When Uddipana Baishya told her friends she’d taken a job with TD as a senior design researcher, they were surprised she chose to work for a bank. As a graduate of the prestigious Indian Institute of Technology—the top engineering and tech school in India—they figured Baishya would end up at a top tech company like Google or Apple.
Her rationale? TD is a top tech company. And one with a strong commitment to fostering innovation.
“We work with all the best technologies here to come up with fintech solutions that span an enormous array of products and services, from insurance to banking,” Baishya said. “But it’s more than that. There’s a dedication to innovation here that provides us with exposure to diverse projects.”
Baishya discovered this firsthand when she was assigned to work on a project that wasn’t related to day-to-day banking, but rather was an undertaking related to the TD corporate citizenship platform—the TD Ready Commitment. It involved providing digital expertise, as well as a $600,000 donation, to help build a new online platform for Wellspring, a Canadian charity, called the “Virtual Centre for Cancer Support brought to you by TD.” Wellspring, which offers support programs and services to people with cancer and their families at no charge, was in the process of shifting many of its support services online in response to the COVID-19 pandemic. The new site, designed to assist upwards of 10,000 people, would serve as the foundation for providing access to webinars, videos, and other resources to Wellspring sites and clients across the country.
Working closely with a TD Experience Strategist, Baishya was asked to head up the information architecture part of the project, which would involve applying expertise TD had gleaned— including best-in-class digital design practices—in developing industry-leading online services for Wellspring. It became her primary project for several months.
More than getting to put her expertise to use, Baishya was delighted that the project aligned with both her professional and personal goals. “I’ve always wanted to use my skills to reduce suffering in the world,” she said. “That is what I’m passionate about and being a part of a project to help people is meaningful to me. I’m now working with my manager to find more opportunities where I can pursue this passion.”
This is how you attract and retain the best talent, according to Rizwan Khalfan, who serves as the Bank’s Chief Digital and Payments Officer.
“The first thing you need is an environment in which the talent feels empowered to use all their skill (and) their expertise to help them innovate,” Khalfan explained. “You’ve got to create inclusive environments to help people be who they are. This way they can bring their best self to work and provide solutions focused on helping support their colleagues, their customers, and their communities.”
Khalfan supported the Wellspring project for TD as part of a broader, company-wide strategy designed to encourage colleague innovation from both small “i” and big “I” perspectives. Small “i” innovation has shorter-term benefits and makes the processes and tools available to help improve customer and colleague experiences more efficient. Big “I” innovation reaches further to help address emerging trends in the market longer-term and may result in pioneering digital solutions with potential to affect the entire organization or even industry.
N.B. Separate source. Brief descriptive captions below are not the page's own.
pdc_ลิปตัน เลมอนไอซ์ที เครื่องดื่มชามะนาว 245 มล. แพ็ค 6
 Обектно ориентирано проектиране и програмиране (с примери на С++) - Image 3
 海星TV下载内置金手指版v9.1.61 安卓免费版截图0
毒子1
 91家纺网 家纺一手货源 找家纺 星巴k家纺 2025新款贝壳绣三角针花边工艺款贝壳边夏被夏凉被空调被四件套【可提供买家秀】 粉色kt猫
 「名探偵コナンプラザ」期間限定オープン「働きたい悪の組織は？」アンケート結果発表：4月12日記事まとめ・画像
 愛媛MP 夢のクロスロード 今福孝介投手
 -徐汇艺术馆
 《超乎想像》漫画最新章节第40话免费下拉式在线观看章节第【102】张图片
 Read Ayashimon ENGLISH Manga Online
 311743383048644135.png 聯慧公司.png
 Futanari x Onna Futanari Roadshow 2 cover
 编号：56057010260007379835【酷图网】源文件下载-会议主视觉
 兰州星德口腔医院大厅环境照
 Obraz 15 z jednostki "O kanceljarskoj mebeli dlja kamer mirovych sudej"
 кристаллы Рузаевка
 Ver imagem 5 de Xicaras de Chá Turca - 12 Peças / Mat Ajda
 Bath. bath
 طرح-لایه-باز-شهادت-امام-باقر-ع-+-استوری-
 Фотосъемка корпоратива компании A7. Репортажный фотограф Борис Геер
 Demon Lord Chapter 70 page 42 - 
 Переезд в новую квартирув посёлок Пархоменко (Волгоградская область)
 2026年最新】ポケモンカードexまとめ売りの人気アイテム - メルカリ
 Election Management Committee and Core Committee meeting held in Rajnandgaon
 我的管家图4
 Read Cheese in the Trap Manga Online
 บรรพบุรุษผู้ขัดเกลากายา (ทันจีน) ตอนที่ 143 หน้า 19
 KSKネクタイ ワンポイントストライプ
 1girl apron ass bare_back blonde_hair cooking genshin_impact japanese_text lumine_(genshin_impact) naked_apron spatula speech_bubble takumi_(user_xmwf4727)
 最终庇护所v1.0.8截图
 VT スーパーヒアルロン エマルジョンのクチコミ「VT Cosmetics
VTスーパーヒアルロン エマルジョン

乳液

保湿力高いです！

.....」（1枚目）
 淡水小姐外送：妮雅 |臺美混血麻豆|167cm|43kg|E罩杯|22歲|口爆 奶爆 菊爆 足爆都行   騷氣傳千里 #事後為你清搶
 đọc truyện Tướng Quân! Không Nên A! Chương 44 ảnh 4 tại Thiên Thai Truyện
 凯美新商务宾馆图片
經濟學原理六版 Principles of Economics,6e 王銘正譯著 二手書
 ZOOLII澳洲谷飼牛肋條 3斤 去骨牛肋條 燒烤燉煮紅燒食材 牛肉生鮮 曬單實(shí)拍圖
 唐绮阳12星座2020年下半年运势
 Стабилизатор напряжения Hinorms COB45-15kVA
TD has an internal ideation program called iD8 that encourages colleagues to come up with and present their ideas that can be applied to teams, projects, methodologies, and enterprise-wide solutions to help improve both the colleague and customer experience. “iD8 moves projects from ideation to incubation to acceleration,” said Khalfan.
iD8 is driving innovation at TD in a big way. The Bank has received nearly 63,000 ideas from its colleagues, and 6,600 of these ideas have been realized.
A prime example of how TD values and rewards innovative thinking is a project envisioned by a colleague that was not only adopted internally but was made available by the Bank for use by other companies and industries as well.
“I was chatting with one of our managers, Samantha Estoesta, Manager, Equity in Innovation and Programs, about how technology is based on data, and how data can have biases,” said Khalfan. “She mentioned how it would be good to have a set of standards that could make the development process more inclusive. So she set to work creating and testing a set of standards and technological tools that would help with this goal.”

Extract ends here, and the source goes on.